Dengan ekosistem hancur, binatang dengan manusia semakin memiliki kontak lebih dekat, akibat kerusakan hutan dan menurunnya kualitas lingkungan, sehingga terjadi "loncatan antar spesies".
Inilah yang diperkirakan sedang terjadi saat pandemi Virus Corona COVID-19.
"Salah satu penyebab utama munculnya penyakit-penyakit baru adalah meningkatnya interaksi antara manusia dan binatang," kata Hassan Vally dari La Trobe University di Melbourne.
"Perubahan iklim menjadi salah satu penyebab munculnya penyakit baru."
"Faktor ini ditambah dengan fakta bahwa jika ada patogen yang memiliki kemampuan menyebar dengan cepat, maka akan segera menyebar karena pergerakan manusia yang sangat besar sekarang ini."
Ancaman penyakit X dan penyebabnya
Diperkirakan lebih dari 60 persen munculnya penyakit menular berasal dari binatang, yang disebut zoonoses.
Itulah sebabnya para peneliti lebih khusus memperhatikan kontak manusia dengan kehidupan liar.
"Populasi dari yang kita perkirakan akan muncul adalah spesies yang tinggal di koloni yang besar, yang melakukan perjalanan jarak jauh." kata Dr Brookes.
"Mereka bercampur dengan populasi dari spesies yang sama, dan juga karena mereka terbang, mereka bisa mengadakan kontak dengan banyak spesies lain, termasuk juga dengan manusia."
Zoonoses disebabkan karena adanya transmisi patogen seperti virus, parasit, bakteria, atau jamur yang disebabkan karena kontak langsung ataupun kontak tidak langsung antara binatang dan manusia.
250 Virus Menyebar dari Hewan ke Manusia
Diperkirakan sekarang ini ada lebih dari 250 virus yang menyebar dari hewan ke manusia dan menyebabkan penyakit pada manusia.

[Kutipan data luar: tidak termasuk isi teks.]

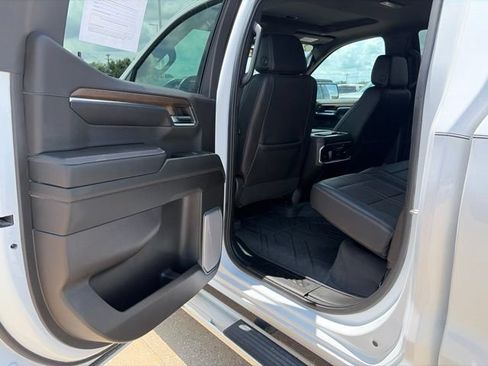 Used 2024 Chevrolet Silverado 1500 High Country w/ High Country Premium Package AWD/4WD image 36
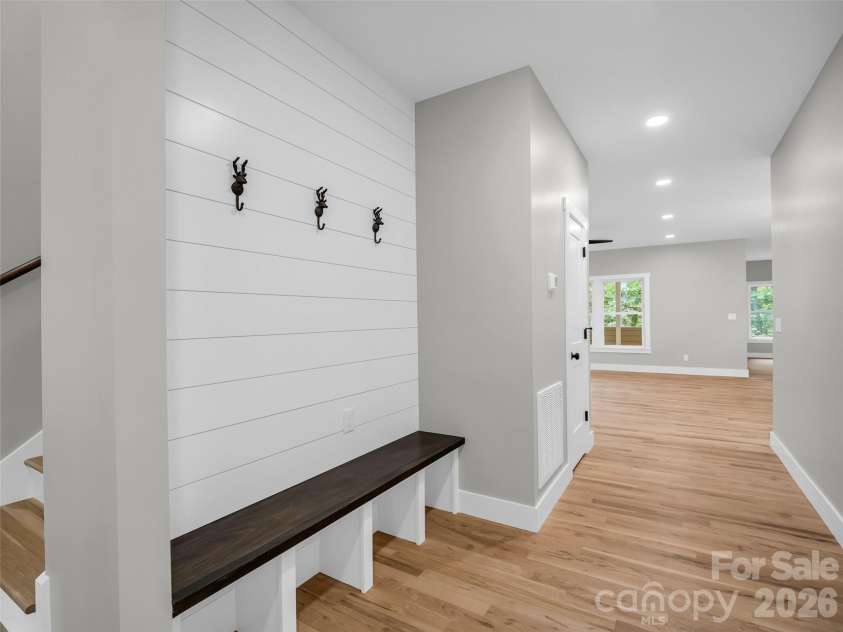 61 Laurel Lane, Black Mountain, NC 28711.  MLS# CAR4431018, YatesRealty ID 56403. 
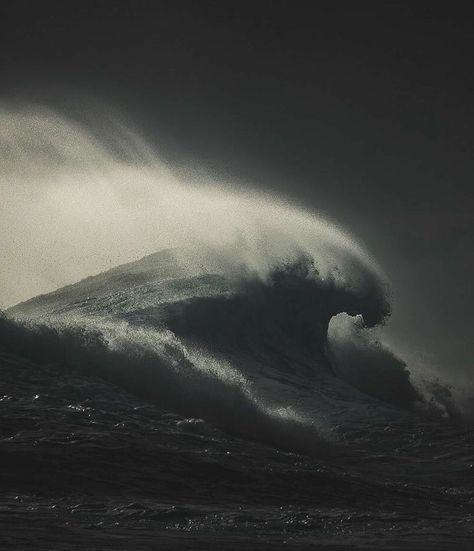 Scary Ocean, Nautical Aesthetic, Waves Photography, The Last Unicorn, Mermaid Aesthetic, Big Waves, Ocean Beach, Ocean Waves, Mother Earth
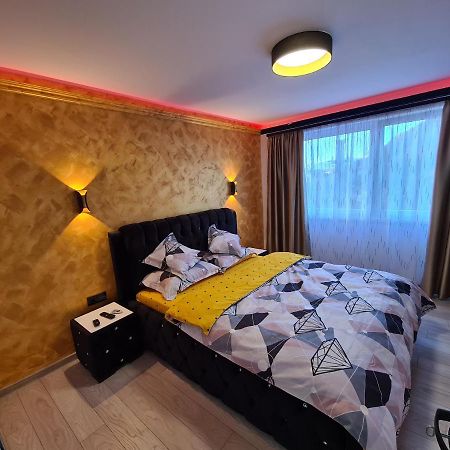 Appartement Diamonds House 2 à Lupeni  Extérieur photo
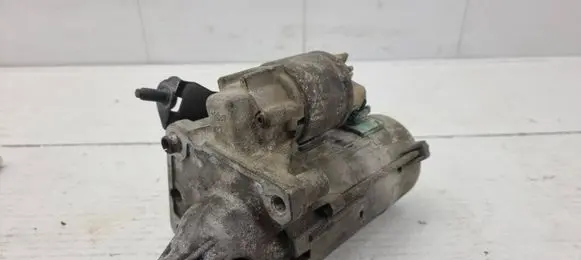 Peugeot 308 Starter motor 9645100680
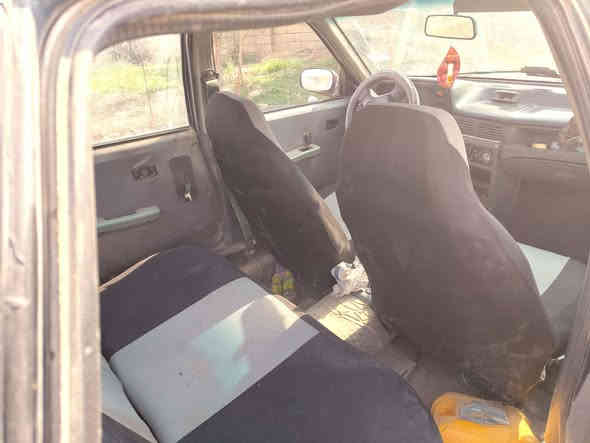 دايو سلو للبيع رقمه كركوك وسنويه عضم عاج وصاحبه موجود واذا اكو مراوس هم اراوس للاستفسار ***********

Berbagai virus sudah menimbulkan kekhawatiran, tapi sejauh ini belum diidentifikasi virus mana yang sama-sama mengancam seperti Virus Corona COVID-19 atau bahkan lebih mengancam peradaban manusia, menurut sebuah penelitian.
WHO pun sudah memberikan nama untuk penyakit tersebut, yaitu Penyakit X, dan memasukkan ke dalam kategori penting untuk diteliti sejajar dengan Ebola dan SARS.
Kita belum mengetahui apa jenisnya dan kemungkinan dampaknya.
Namun para peneliti mengatakan tanpa adanya pemantauan yang seksama dan juga persiapan, maka Bumi ini akan mengalami bencana dengan kehadiran penyakit X.
Â
Virus Selanjutnya Berasal dari Babi?
Sebelum COVID-19, sudah ada beberapa penyakit menular pernapasan yang terjadi seperti SARS (SARS-CoV-1) di tahun 2003, sindroma pernapasan Timur Tengah (MERS) di tahun 2013, dan Ebola di tahun 2014.
Ada pula wabah dalam skala lebih kecil seperti penyakit virus Nipah, yang masuk dalam 10 besar penyakit yang perlu prioritas penanganan menurut WHO.
Dr Brookes mengatakan penyakit itu muncul pertama kali di sejumlah babi yang diternak di Malaysia.
"Ada banyak kelelewar yang hidup di kawasan itu juga. Dan petani di sana menanam pohon buah di sekitar lokasi ternak babi sehingga menarik kedatangan kelelawar ke peternakan babi di sana," katanya.Kelelawar tersebut sudah mengidap virus namun tidak menimbulkan penyakit pada mereka. Pertanda pertama adanya penyakit malah muncul di ternak babi.
"Dan kemudian virus itu berkembang di babi, dan karena begitu banyaknya babi membuat virus bisa berkembang dan dari situ menyebar ke manusia," katanya.
Para ilmuwan mengatakan kawasan yang padat dengan ternak, yang merambah ke kawasan liar dan memiliki penduduk yang padat memiliki resiko lebih tinggi bagi perpindahan penyakit dari hewan ke manusia.
Dr Brookes mengatakan itulah mengapa Asia Tenggara sekarang menjadi titik perhatian karena memenuhi semua persyaratan di atas.
Namun penyakit juga bisa muncul di mana saja.
Nyamuk di Amerika Utara, onta di Afrika, babi di Eropa, dan monyet di Amerika Selatan sudah diidentifikasi sebagai kemungkinan pembawa patogen.
Hewan unggas juga membawa resiko terkait virus Influenza A, kata Joerg Henning, associate professor di bidang epidemiologi hewan di University of Queensland.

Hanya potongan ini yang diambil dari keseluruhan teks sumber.